For a good portion of the last half decade, I have read experts saying this player deserved the MVP award because he makes his team better.

What utter crap.

The people voting for the MVP award are maintaining a double standard when it comes to that argument.

Case in point: in 2001-2002 season, Jason Kidd was traded to the lifeless New Jersey Nets franchise. In the season before, the Nets only managed to win 26 games and with Kidd on board, the Nets doubled the win total to 52. Kidd averaged a sterling 14.7 points, 9.9 assists, 7.3 rebounds and 2.2 steals. Can we say Kidd was the difference for the Nets in those two seasons? Absolutely. It's interesting to not that the core team of the New Jersey Nets outside of Kidd did not change in those two seasons. So can we draw the conclusion that Kidd made his team better? With all probability, yes.

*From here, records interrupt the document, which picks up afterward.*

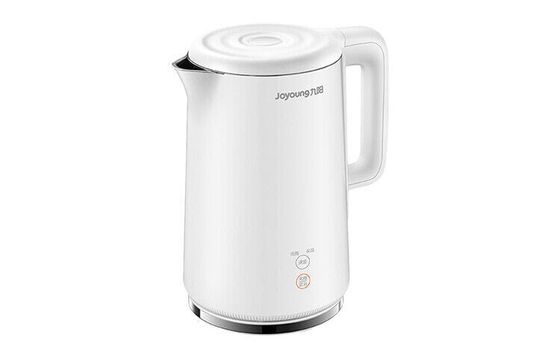 Joyoung Electric Kettles 1500ml Capacity Temperature Display Double-Layer Anti-Scald Fast Boiling Water K15ED-W560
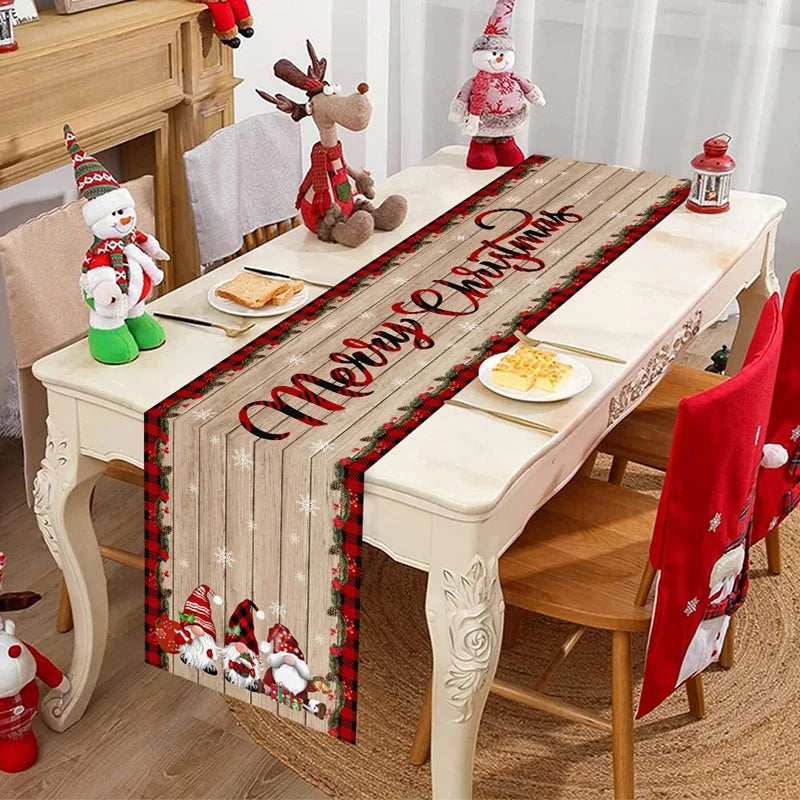 Table Runner for Christmas | Holiday Printed Design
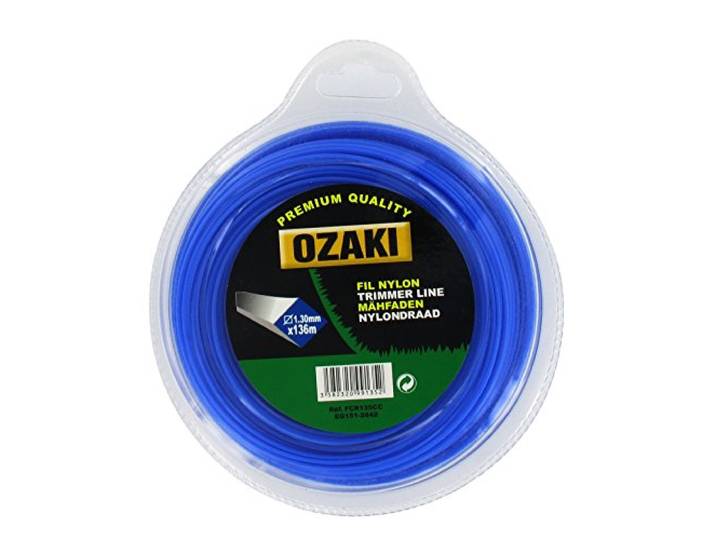 GreenStar 3935 Case Nylon draad vierkant Ozaki, zwart, 16581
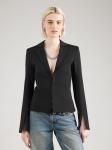 WEEKDAY Блейзер 'Neptune' в черном цвете - фото 3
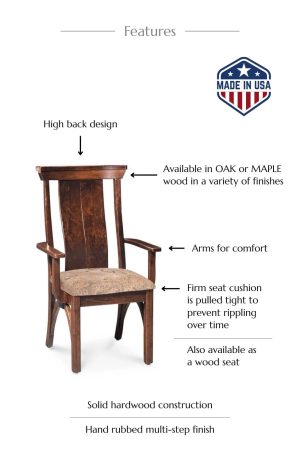 Features of this chair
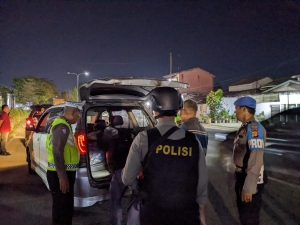 Polres Langsa Gelar KRYD untuk Antisipasi Gangguan Kamtibmas di Malam Hari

Conventional wisdom would tell us that Jason Kidd, with all his "make his team better" achievement in that season, should win MVP. Did he win?

To this day, Kidd has not won an MVP award.

So much for making your team better.



  1. Not every great player can win an MVP award, but I agree Kobe is top 2 this season.

  2. That's the thing-- it's rare for a great player to be remembered without an MVP award for recognition of his talent/skills. Dominique Wilkins would come to mind.